Reproduce, exactly and in full, only the lines below from the one containing "Chengde Hui Long Hotel" through the one containing "Los enemigos del".

Saved entries:
+-------+
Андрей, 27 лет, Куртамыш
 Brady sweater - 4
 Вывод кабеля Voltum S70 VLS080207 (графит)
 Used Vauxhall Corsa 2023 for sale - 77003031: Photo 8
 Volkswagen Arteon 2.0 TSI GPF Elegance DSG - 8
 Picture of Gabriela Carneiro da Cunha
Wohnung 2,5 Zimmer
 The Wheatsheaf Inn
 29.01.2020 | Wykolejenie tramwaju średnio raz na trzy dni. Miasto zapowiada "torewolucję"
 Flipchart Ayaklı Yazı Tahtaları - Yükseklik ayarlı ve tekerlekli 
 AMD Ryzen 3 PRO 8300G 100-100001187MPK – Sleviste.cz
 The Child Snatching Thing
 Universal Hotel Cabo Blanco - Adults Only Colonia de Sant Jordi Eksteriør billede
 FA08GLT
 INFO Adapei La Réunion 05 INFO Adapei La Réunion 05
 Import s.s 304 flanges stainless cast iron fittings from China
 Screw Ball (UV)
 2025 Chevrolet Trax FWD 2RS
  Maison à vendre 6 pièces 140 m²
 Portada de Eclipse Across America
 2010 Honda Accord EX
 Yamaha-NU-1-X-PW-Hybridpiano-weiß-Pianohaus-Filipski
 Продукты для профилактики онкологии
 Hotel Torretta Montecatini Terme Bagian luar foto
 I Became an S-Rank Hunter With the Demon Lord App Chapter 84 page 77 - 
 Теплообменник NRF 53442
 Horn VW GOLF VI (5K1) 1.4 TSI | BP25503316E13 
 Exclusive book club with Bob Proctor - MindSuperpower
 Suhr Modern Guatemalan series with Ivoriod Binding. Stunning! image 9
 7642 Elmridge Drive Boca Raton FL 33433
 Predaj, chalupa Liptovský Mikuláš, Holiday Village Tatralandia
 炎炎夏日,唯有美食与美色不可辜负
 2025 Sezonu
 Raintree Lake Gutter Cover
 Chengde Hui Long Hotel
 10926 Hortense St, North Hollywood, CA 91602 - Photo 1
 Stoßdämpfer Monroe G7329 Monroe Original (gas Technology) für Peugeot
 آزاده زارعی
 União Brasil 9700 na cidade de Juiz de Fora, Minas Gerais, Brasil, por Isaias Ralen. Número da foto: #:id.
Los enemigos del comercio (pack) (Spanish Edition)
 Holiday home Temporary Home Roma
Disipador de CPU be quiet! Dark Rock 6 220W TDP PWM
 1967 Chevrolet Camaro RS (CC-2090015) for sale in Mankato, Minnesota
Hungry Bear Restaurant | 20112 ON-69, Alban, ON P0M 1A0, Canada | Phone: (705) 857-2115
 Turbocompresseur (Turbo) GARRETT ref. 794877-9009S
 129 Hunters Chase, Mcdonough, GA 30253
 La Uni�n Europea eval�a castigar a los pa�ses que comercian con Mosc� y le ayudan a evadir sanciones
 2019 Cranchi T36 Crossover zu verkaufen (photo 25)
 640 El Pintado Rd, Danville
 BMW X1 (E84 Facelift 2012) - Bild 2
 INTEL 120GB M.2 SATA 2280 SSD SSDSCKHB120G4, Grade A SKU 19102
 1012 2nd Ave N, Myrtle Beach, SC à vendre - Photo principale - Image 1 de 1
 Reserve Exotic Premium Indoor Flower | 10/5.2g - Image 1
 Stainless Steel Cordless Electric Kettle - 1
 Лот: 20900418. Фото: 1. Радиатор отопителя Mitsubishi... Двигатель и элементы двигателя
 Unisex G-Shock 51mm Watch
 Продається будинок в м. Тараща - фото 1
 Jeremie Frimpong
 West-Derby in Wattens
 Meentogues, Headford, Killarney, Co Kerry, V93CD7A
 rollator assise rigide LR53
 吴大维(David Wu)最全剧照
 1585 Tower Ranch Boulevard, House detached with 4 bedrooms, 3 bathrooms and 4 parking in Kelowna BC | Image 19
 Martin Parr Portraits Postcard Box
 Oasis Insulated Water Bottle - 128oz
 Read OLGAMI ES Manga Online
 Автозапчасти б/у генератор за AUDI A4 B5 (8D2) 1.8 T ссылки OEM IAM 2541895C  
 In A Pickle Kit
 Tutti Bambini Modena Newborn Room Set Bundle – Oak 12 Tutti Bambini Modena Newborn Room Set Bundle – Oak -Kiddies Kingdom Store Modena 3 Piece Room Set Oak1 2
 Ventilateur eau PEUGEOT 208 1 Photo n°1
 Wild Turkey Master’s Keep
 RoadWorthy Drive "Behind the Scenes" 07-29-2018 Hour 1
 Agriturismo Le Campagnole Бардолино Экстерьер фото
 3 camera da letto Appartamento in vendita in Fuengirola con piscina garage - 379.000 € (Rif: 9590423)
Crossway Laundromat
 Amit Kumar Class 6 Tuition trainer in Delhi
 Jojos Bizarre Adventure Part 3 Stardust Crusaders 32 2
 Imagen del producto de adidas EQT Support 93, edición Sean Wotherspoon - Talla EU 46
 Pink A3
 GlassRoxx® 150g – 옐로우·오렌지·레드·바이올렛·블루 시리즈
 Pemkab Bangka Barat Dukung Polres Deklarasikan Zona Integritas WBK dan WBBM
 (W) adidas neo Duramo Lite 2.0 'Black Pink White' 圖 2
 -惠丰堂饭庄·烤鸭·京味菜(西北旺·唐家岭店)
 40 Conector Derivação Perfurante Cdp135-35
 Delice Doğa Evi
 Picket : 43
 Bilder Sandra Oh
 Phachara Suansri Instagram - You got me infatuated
+-------+
YOUR RESPONSE:
 Chengde Hui Long Hotel
 10926 Hortense St, North Hollywood, CA 91602 - Photo 1
 Stoßdämpfer Monroe G7329 Monroe Original (gas Technology) für Peugeot
 آزاده زارعی
 União Brasil 9700 na cidade de Juiz de Fora, Minas Gerais, Brasil, por Isaias Ralen. Número da foto: #:id.
Los enemigos del comercio (pack) (Spanish Edition)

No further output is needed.